Hey Pitchfork, just what is “Instagram-folk” anyway?

I suddenly remember why I stopped reading Pitchfork on a regular basis.
She & Him Christmas

It’s safe to say that Pitchfork has developed a reputation for a certain review style, one that is often characterized by smugness and an overriding sense of its own cleverness. And while this can make for some entertaining reviews — I still chuckle at Ryan Schreiber’s review of Jimmy Eat World’s Bleed American and Rob Mitchum’s review of Desaparecidos’ Read Music — Speak Spanish — it ultimately feels either masturbatory or mean-spirited (e.g., Brent DiCrescenzo’s review of Radiohead’s Kid A, Ray Suzuki’s NSFW review of Jet’s Shine On).

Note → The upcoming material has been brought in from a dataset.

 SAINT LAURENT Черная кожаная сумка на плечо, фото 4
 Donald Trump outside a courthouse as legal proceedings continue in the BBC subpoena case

I actually stopped reading Pitchfork for awhile, I found it so bothersome. That sort of criticism may have been good for cheap laughs, but I’d become more enamored and enriched by the thoughtful, passionate style of such writers as Andy Whitman and Jeffrey Overstreet. However, I’d begun regularly visiting Pitchfork again earlier this year, particularly their track reviews… and then a friend tweeted about their review of She & Him’s A Very She & Him Christmas, and I suddenly remembered why I’d stopped reading Pitchfork in the first place.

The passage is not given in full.